### Source data
--

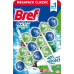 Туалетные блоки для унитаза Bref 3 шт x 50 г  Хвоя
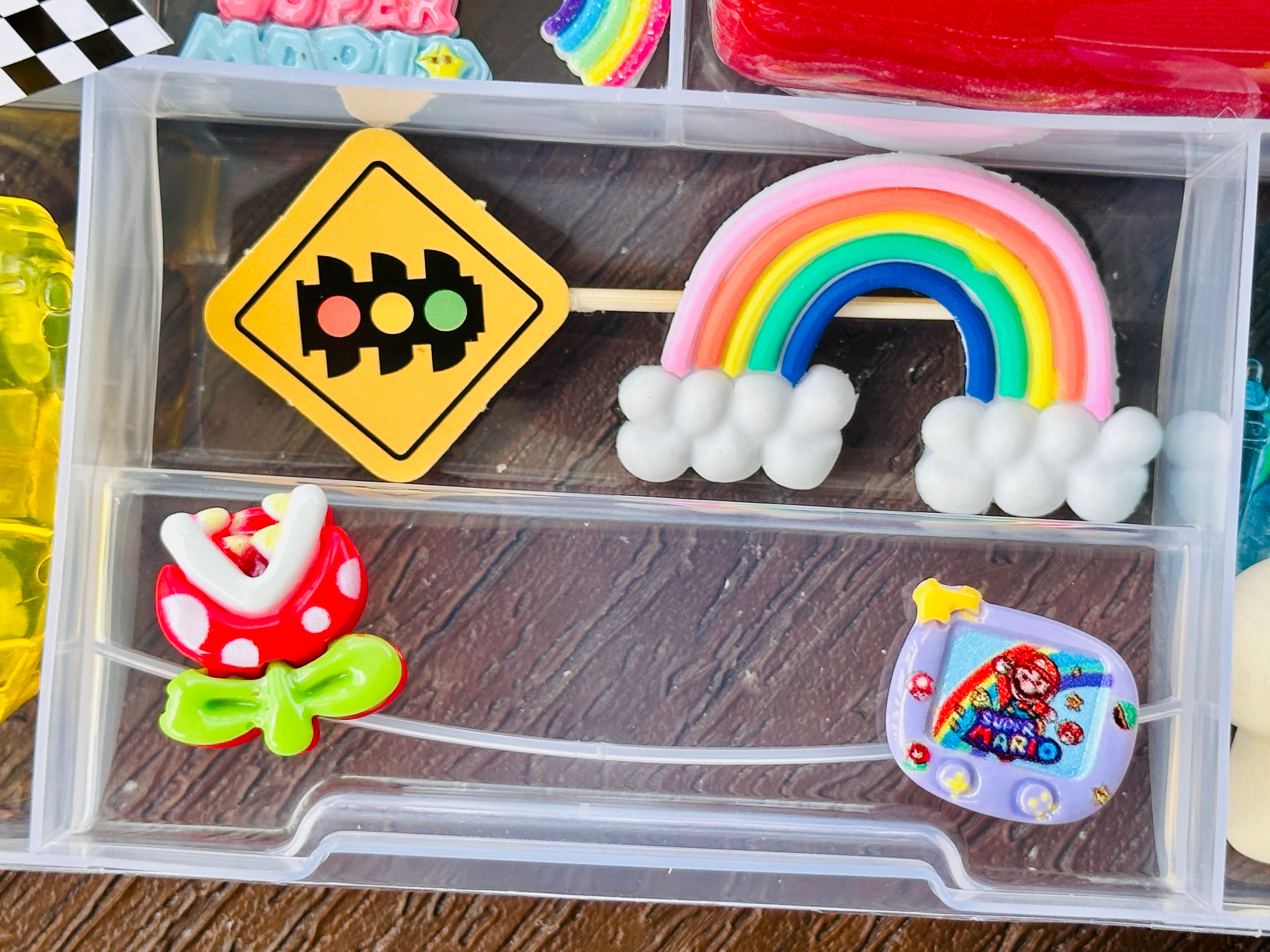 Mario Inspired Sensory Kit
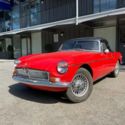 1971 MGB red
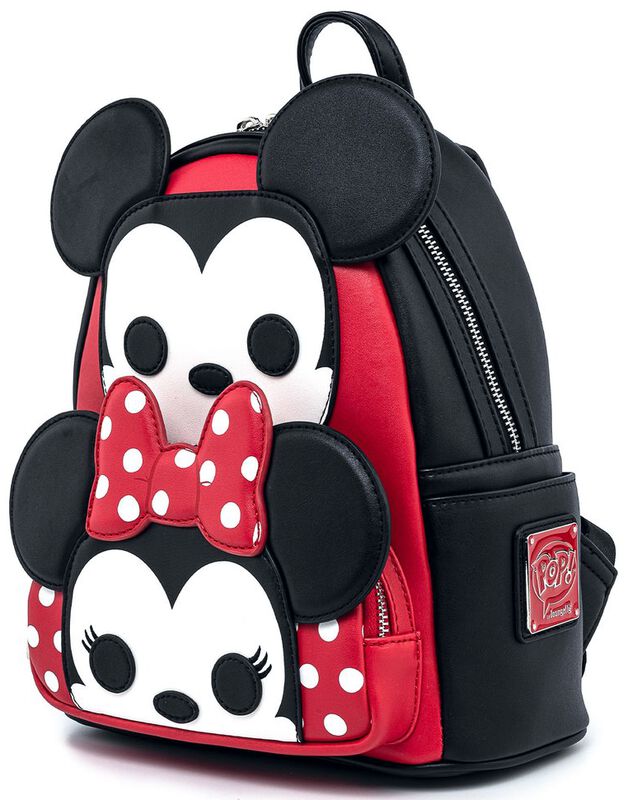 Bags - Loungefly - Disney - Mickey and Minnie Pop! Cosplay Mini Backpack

--

Every line above should be reproduced exactly, please, with no pictures included.

 Туалетные блоки для унитаза Bref 3 шт x 50 г  Хвоя
 Mario Inspired Sensory Kit
 1971 MGB red
 Bags - Loungefly - Disney - Mickey and Minnie Pop! Cosplay Mini Backpack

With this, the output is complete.